Murphy backs bill to block polluting in NJ’s black communities
TRENTON — Citing nationwide Juneteenth celebrations, New Jersey Gov. Phil Murphy said Friday it's time to pass legislation giving state regulators the authority to deny development permits to businesses whose operations pollute primarily Black communities.
Murphy, a Democrat, announced his support for the legislation in Trenton, alongside Lt. Gov. Sheila Oliver, lawmakers and other community activists. Murphy, who is white, announced his support for the legislation pending in the Democrat-led Legislature as communities across the country celebrate the June 19 holiday that long commemorated the emancipation of enslaved African Americans.
The legislation aims to address what Murphy and lawmakers say have been years of putting incinerators, refineries and other businesses that pollute the air and water in cities and towns with mostly Black populations.
“Decades of inaction have led to environmental disparities throughout the state, creating overburdened communities that are unjustly exposed to significant air and water pollutants,” Murphy said.
Democratic state Sen. Troy Singleton, of Burlington County, is one of the bill's authors, and said given the national climate focused on addressing racism makes it the right time to push for the measure, which has been introduced in each session of the Legislature since 2008 but never becoming law.
“Issues like this often times find their moment in history," said Singleton, who is black. “And right now we find it is the confluence of a lot of factors that have placed this issue of environmental justice more in the forefront than perhaps it has been in the past."
The legislation requires the Department of Environmental Protection to evaluate public health and environmental effects when certain businesses like power plants, incinerators, sewage treatment facilities and other trash-processing plants apply for permits in certain communities. They’re defined as census tracts with 35% of the population are low-income, or 40% of households are a minority or have limited English proficiency.

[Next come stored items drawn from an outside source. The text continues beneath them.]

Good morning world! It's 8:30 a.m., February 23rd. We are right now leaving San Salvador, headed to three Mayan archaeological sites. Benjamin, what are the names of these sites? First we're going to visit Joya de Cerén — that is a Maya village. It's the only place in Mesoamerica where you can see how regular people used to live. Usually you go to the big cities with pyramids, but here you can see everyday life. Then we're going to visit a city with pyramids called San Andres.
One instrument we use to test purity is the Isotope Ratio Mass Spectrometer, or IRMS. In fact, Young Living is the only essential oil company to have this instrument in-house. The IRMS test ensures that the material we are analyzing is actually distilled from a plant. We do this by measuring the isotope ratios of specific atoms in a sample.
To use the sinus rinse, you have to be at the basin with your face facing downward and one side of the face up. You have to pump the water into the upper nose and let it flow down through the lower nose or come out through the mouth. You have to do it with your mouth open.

There are about 300 towns accounting for half the state's population who live in the communities defined under the bill, Murphy said.
DEP Commissioner Catherine McCabe said the legislation would give state regulators the power to deny permits in such instances for the first time. Current law applies broadly and makes it difficult to deny permits, she said.

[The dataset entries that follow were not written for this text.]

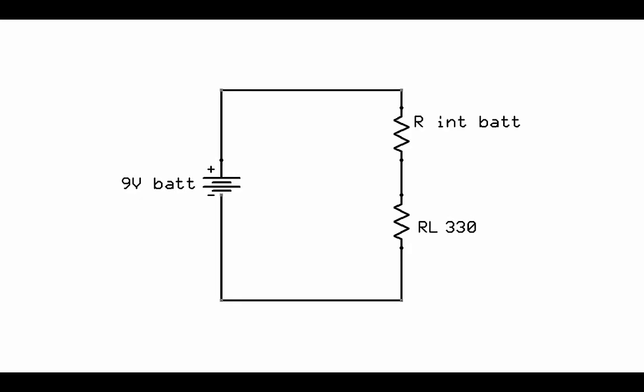Redrawing that internal battery resistance helps you see that it is just a simple DC series circuit — also known as a voltage divider circuit, because the voltage gets divided up among the resistors. This matches Kirchhoff's voltage law, which states that the voltage drops in the circuit have to add up to the source voltage.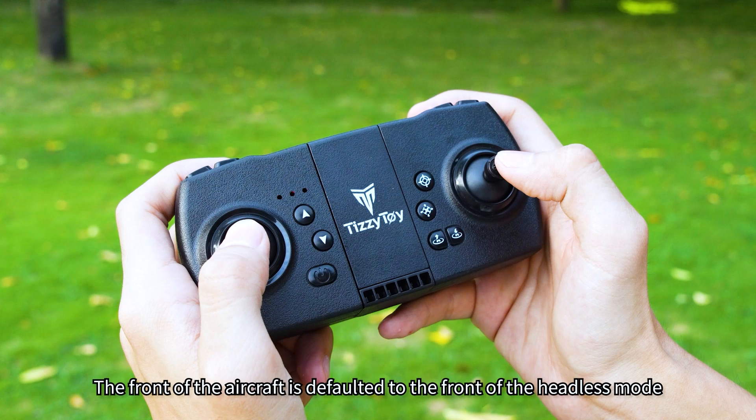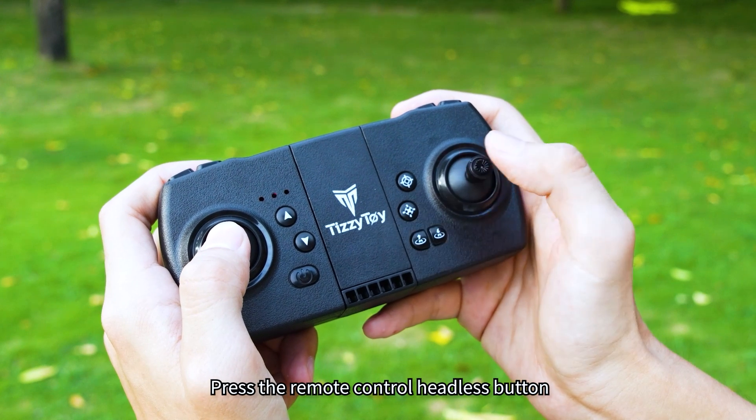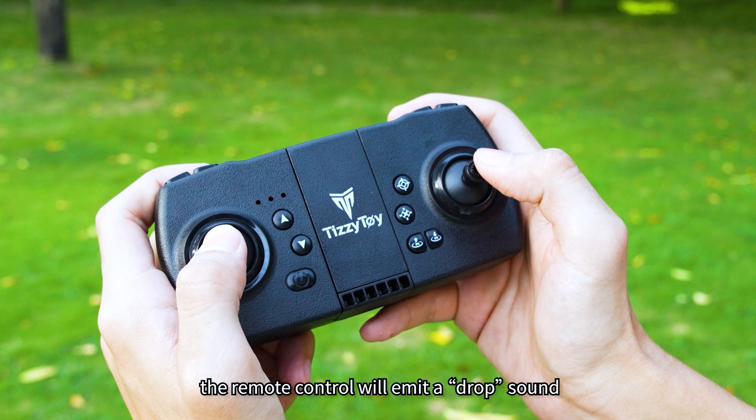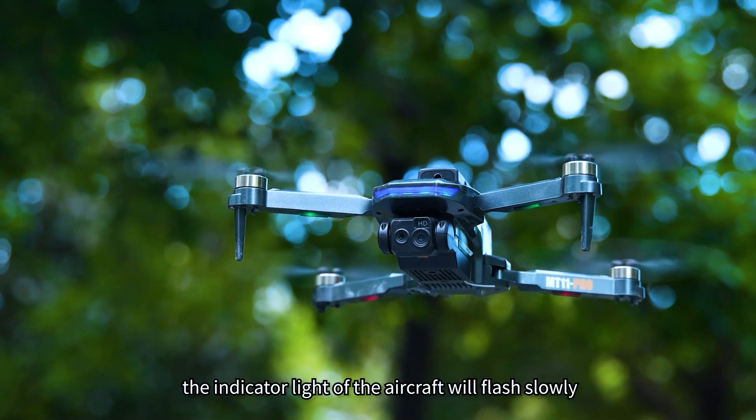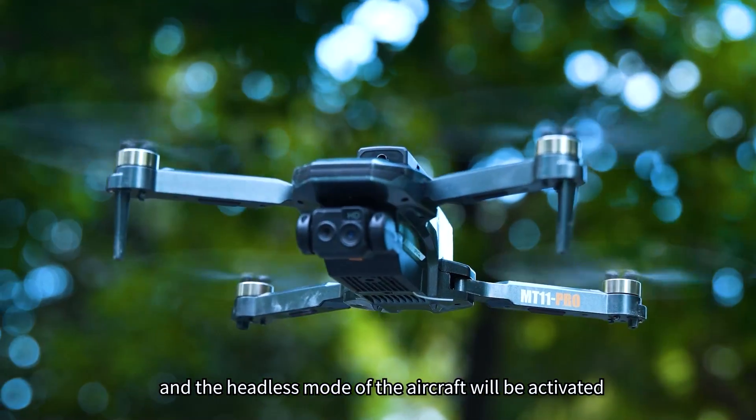How to turn on headless mode. The front of the aircraft is defaulted to the front of the headless mode when powering on and frequency pairing. Press the remote control headless button — the remote control will emit a sound. The indicator light of the aircraft will flash slowly, and the headless mode of the aircraft will be activated.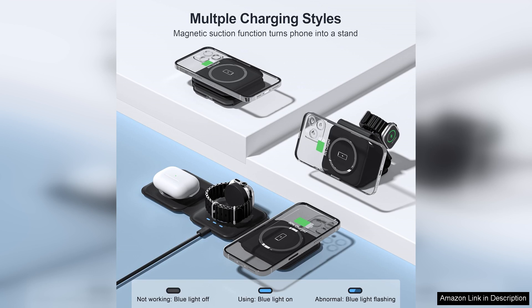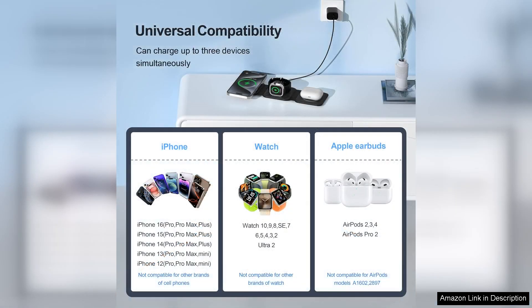The setup was straightforward — simply plug it in and I was ready to go. One of the key advantages of the U-Comics charging station is its compatibility with various devices. It supports fast charging for my iPhone, ensuring I can quickly power up my phone before heading out.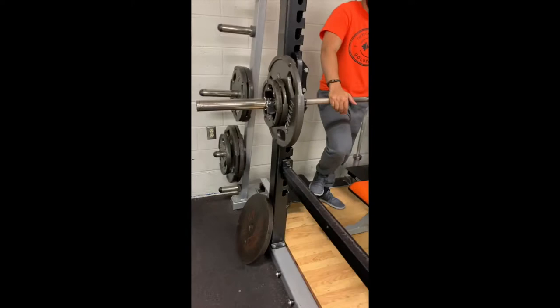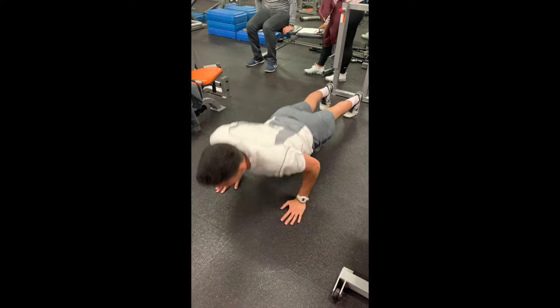For muscular endurance we will use the push-up test. Perform as many push-ups as you can, and that will be the score.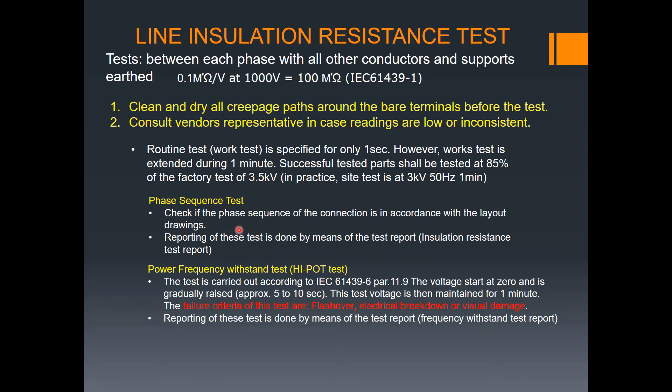You also need to take the phase sequence test — check if the phase sequence of the connection is in accordance with the layout drawing. This is then recorded in a report. By means of reporting, I will share the insulation resistance test report with you — showing how we do the testing and the test report format.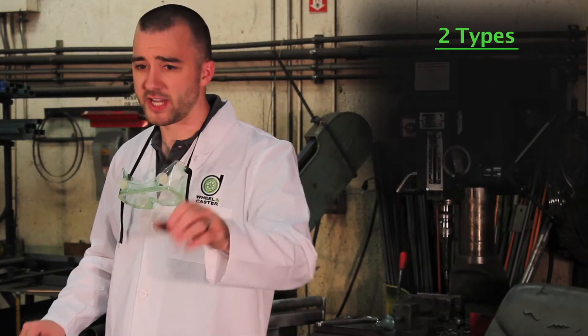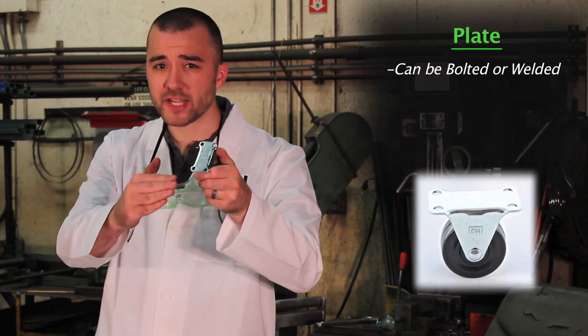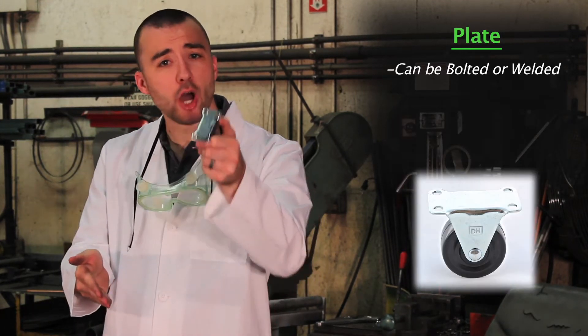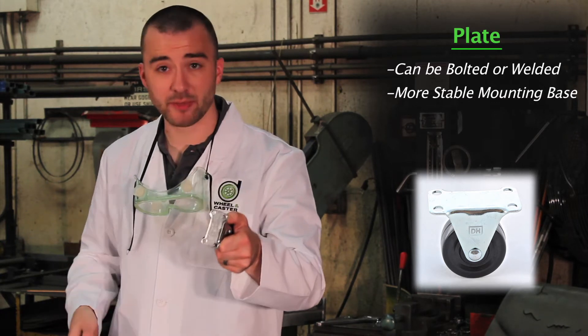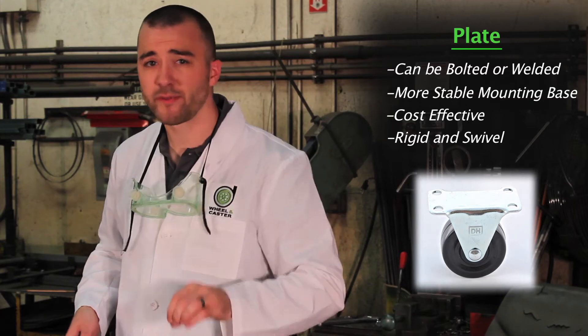There are two main types of caster attachments: stem and plate. Plate casters can be bolted or welded on and offer a more stable mounting base than a stem caster. Plus they tend to be cheaper and offer rigid and swivel varieties.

“What we can do is say this pollutant cannot be emitted at levels that would cause the ambient air in this air quality area, which by statute is defined as a very broad area, and as long as it does (satisfy that standard) we don't have a basis to say no," she said. “What this bill would allow us to do is say, that's not the end of the story."
Juneteenth commemorates June 19, 1865, the date when word of the Emancipation Proclamation reached African Americans in Texas. President Abraham Lincoln first issued the proclamation declaring all slaves free in Confederate territory on Sept. 22, 1862, but the news took time to travel.